• _Try it_:
Check each line below for the word "Ford", then please report how many lines have it and nothing more.

-- Information shown follows --

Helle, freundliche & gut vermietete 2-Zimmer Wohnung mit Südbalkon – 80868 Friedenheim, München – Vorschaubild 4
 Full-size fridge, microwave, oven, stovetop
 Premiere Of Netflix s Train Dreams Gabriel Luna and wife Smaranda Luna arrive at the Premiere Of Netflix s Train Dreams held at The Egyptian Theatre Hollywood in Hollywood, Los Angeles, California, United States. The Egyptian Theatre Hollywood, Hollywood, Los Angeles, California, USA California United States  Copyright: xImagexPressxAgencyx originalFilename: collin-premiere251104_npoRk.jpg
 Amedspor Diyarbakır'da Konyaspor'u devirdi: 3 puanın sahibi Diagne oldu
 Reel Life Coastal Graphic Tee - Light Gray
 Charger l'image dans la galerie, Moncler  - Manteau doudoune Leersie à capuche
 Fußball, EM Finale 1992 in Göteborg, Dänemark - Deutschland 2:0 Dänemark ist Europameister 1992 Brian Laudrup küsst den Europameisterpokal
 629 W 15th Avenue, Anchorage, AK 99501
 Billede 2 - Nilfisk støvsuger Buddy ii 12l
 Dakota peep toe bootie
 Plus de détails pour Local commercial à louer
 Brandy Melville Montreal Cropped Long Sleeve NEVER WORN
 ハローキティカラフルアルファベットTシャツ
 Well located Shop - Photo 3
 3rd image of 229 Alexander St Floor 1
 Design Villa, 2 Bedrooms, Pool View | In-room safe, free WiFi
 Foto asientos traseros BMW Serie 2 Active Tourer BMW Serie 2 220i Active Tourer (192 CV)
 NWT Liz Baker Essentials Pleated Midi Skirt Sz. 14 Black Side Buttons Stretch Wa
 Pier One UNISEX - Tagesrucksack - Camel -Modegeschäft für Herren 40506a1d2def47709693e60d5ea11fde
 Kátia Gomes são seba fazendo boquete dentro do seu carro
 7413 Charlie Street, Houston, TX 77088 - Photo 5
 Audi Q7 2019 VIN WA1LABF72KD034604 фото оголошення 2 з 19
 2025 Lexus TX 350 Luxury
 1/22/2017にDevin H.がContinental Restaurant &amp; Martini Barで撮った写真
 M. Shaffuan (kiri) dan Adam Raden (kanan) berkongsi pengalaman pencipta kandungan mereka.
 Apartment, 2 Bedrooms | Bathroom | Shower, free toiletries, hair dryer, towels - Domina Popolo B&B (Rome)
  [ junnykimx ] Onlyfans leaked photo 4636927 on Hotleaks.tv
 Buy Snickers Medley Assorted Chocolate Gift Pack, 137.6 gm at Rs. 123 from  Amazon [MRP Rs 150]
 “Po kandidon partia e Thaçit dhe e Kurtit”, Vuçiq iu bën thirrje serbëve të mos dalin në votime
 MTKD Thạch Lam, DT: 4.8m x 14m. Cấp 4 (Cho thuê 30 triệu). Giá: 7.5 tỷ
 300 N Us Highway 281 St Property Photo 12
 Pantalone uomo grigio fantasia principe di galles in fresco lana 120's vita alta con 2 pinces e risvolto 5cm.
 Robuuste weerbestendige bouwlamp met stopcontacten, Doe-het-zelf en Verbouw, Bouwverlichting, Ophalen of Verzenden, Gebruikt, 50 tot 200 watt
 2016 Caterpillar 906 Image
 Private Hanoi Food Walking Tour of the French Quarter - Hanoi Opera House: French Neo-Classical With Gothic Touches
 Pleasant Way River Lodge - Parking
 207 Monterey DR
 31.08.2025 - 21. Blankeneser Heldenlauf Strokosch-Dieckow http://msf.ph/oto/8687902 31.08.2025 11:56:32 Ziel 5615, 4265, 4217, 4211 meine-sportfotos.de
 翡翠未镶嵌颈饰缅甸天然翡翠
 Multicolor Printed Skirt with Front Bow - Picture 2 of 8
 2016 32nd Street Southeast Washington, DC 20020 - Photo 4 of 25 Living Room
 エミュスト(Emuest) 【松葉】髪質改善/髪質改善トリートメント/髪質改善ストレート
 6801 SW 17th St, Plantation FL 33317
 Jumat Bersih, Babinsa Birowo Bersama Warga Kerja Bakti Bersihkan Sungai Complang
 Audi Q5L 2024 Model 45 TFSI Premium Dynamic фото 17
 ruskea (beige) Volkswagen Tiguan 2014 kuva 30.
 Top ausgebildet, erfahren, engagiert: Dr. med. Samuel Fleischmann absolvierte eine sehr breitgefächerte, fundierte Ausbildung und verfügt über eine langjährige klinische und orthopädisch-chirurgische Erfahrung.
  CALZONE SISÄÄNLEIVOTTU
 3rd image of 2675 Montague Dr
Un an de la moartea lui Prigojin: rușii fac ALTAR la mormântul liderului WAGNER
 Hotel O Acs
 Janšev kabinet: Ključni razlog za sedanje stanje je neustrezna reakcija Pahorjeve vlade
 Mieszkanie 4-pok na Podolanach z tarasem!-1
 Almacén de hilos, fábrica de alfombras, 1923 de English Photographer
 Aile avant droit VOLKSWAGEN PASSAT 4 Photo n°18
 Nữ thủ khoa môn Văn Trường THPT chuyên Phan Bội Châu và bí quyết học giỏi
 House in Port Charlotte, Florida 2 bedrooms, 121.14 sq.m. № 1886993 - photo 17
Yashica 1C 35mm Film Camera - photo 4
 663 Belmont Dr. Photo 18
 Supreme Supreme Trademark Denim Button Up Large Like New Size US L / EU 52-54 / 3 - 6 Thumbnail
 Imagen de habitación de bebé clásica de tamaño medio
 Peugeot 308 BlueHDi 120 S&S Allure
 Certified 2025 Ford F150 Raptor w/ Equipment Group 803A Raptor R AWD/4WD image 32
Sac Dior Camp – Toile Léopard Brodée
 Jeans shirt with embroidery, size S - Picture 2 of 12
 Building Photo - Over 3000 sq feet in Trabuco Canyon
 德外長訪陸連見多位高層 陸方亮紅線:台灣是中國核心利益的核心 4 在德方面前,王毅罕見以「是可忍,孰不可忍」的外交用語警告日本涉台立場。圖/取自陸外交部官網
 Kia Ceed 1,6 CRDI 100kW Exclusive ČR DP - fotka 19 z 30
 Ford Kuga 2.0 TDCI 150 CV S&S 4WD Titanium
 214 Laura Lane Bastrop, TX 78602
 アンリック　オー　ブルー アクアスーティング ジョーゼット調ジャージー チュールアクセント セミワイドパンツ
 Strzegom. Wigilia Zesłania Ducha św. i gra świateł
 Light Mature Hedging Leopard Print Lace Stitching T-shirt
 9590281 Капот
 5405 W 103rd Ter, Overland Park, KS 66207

-- Information shown concluded --

• _Finished task_:
2